How to query a particular job id submitted in bigquery action


I have been using google_cloud for submitting a job to big query for extraction of the file to GCS like this:

dataset = self.bqClient.dataset(self.website_id)
table = dataset.table(table_name)
job_name = str(uuid.uuid4())
job = self.bqClient.extract_table_to_storage(
job_name, table, destination)
job.destination_format = "NEWLINE_DELIMITED_JSON"
job.compression = 'GZIP'
job.begin()

Here the job id or name is the uuid4. Basically I am collecting these job ids in a queue and want to check later if that job is in DONE state. How can I do that?

I have been searching for this but so far had no luck. I was only able to find the function - client.list_jobs() but it's the list of all jobs. I only want to query or search for one particular job.


Solution

  • You could just filter out by the name attribute which job you want.

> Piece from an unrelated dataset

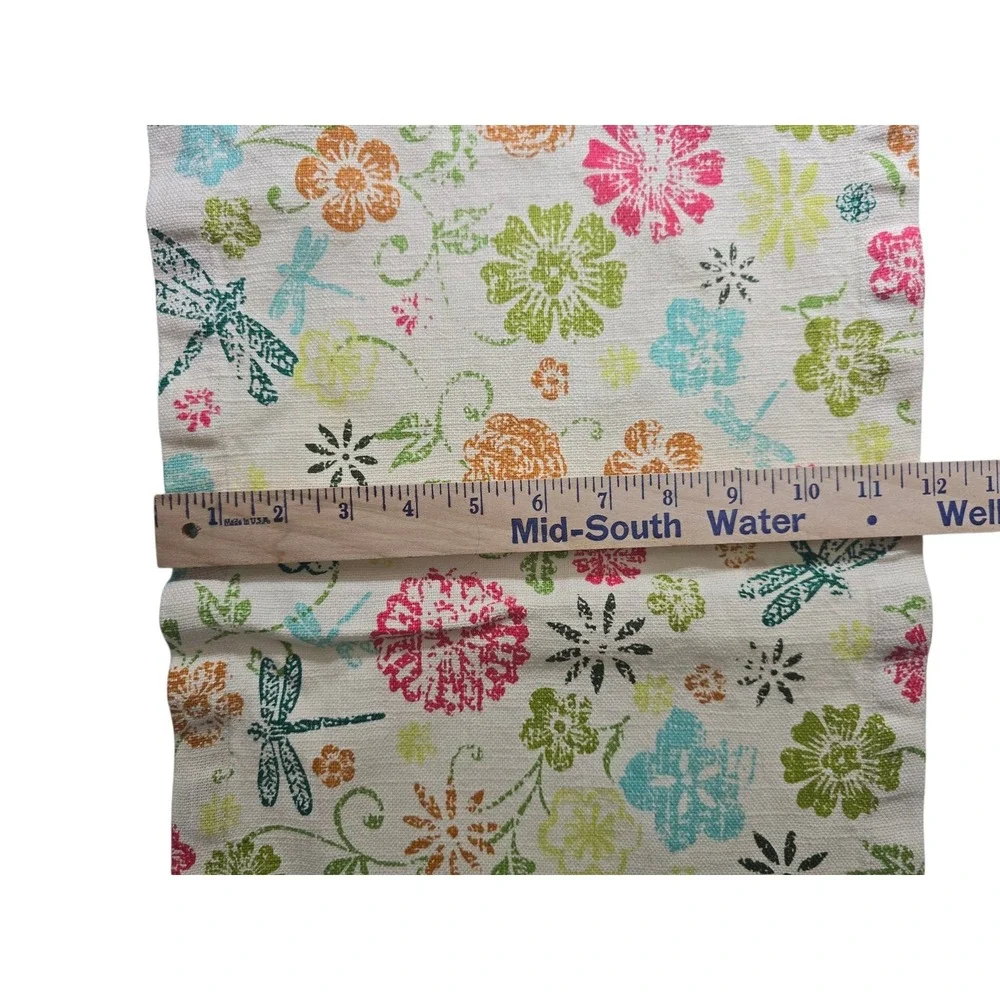 Park Designs Floral Dragonfly Cotton Hand Towels Set of 2 Placemats 13x19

    Let's say you want to get information about a job whose id is "big name string job 1". You can filter it out from the list of jobs by running:

    job_name = "big name string job 1"
    job = [job for job in list(self.bqClient.list_jobs()) if job.name == job_name][0] # this will break if list is empty
    
    print(job.state) # DONE or RUNNING
    

    Just make sure to update the client if possible, currently we are ate version 0.26.0

    [EDIT]:

    You said in your comment about having 1 million jobs. As far as running the get job method, currently the API does so only when running the exists and the reload methods so there's no way of running something like client.get_job(job_name).

    Still, in the list_job, you can send the arguments all_users and state_filter as in the code, something like:

    job_name = "big name string job 1"
    job = [job for job in list(self.bqClient.list_jobs(all_users=False, state_filter='done')) if job.name == job_name][0]
    

    Which lists jobs only for current user authorized in the client with given state.

    If still this lists millions, then you could still (somewhat "hacky" solution) query it directly from the job base constructor, something like:

    from google.cloud.bigquery.job import _AsyncJob
    job = _AsyncJob(job_name, self.bqClient)
    job.reload()
    print(job.state) #RUNNING or DONE
    

    Which is an indirect way of running a client.get_job().

    This might be an interesting feature request for the python repository.